> Exercise description: What is the number of lines in these entries that contain "image"? State it alone.

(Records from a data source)
<<<<
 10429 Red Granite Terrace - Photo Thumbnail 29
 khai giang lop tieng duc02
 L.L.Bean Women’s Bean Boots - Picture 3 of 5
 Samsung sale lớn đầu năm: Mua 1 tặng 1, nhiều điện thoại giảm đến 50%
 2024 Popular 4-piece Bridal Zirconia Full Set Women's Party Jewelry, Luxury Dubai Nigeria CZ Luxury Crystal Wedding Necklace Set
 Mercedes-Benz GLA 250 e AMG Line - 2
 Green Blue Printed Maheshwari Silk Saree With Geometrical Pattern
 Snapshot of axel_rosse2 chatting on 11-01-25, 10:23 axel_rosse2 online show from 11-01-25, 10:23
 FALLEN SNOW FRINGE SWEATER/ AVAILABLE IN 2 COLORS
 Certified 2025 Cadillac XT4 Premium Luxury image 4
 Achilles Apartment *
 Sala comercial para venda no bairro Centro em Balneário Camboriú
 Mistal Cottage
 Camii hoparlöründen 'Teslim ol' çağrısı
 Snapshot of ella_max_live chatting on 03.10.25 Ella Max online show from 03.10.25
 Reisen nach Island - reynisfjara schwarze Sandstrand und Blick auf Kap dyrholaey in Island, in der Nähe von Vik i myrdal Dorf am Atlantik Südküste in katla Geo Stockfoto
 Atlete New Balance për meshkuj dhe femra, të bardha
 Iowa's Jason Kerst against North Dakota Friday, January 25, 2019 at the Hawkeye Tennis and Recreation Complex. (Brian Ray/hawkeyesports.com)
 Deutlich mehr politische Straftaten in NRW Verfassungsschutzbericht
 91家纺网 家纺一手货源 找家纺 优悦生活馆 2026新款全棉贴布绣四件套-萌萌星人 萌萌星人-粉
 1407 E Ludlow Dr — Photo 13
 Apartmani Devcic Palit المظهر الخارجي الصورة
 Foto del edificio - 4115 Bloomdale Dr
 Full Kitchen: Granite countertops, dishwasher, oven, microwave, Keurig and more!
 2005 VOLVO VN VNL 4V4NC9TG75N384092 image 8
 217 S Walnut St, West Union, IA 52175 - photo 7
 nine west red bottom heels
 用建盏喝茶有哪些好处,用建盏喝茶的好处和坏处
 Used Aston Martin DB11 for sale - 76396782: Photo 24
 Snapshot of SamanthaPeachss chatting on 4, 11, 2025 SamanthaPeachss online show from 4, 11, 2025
>>>>
> Final answer: 2